Each line below is to be copied exactly; images do not go into the copy.

Information shown:

--- --- ---

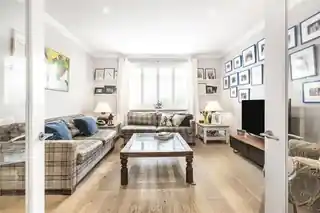 26 Parkgate Crescent, photo 4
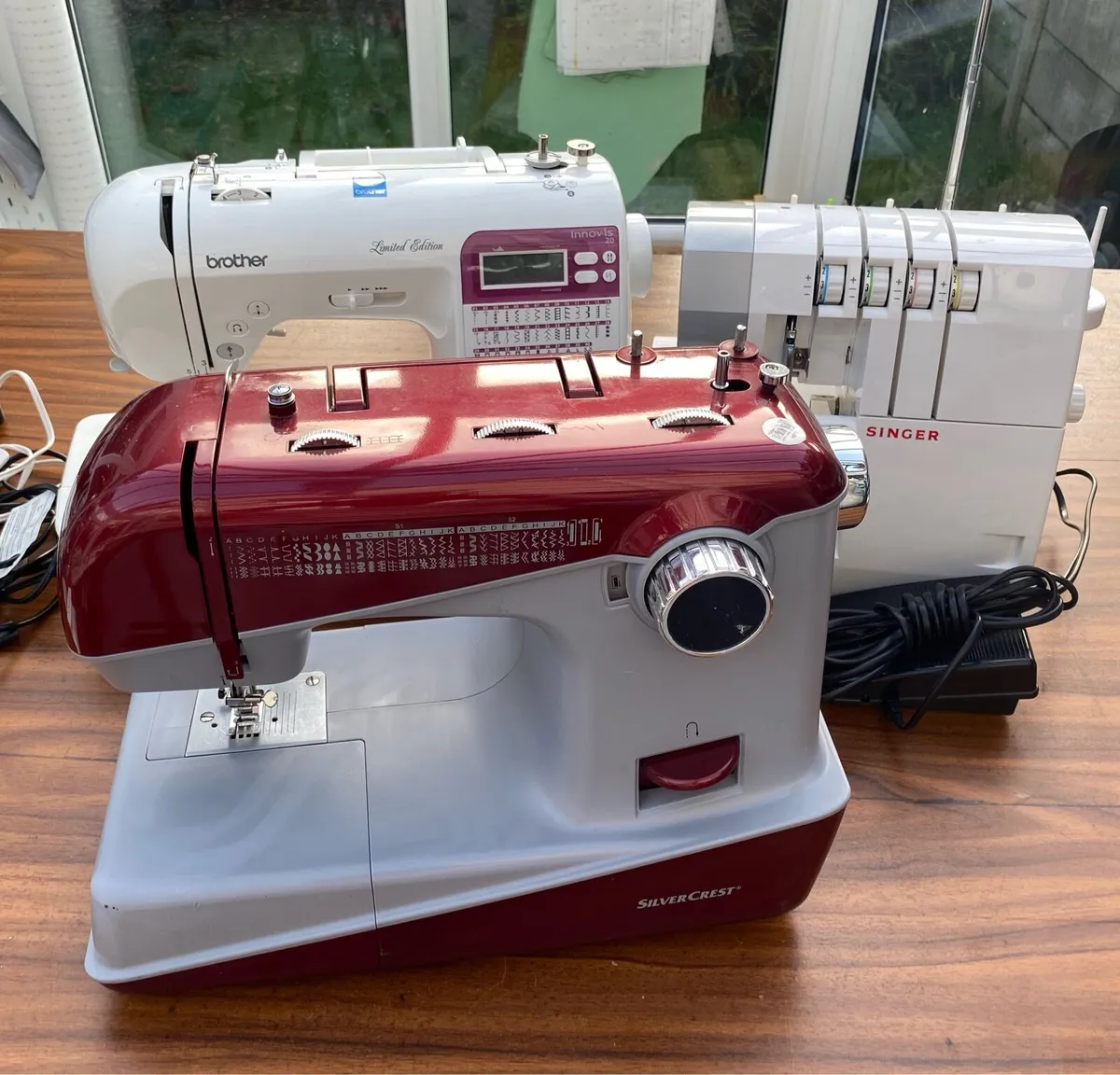 Sewing machine and overlocker - Image 2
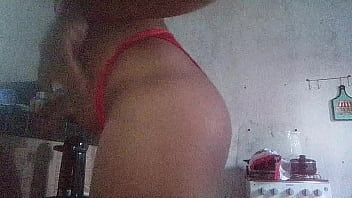 Preview 1 of Sunny Lione Hot Xxx - Um jovem Gay perdendo a virgindade do C&uacute_ com uma cenoura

--- --- ---

Worked solution:
 26 Parkgate Crescent, photo 4
 Sewing machine and overlocker - Image 2
 Preview 1 of Sunny Lione Hot Xxx - Um jovem Gay perdendo a virgindade do C&uacute_ com uma cenoura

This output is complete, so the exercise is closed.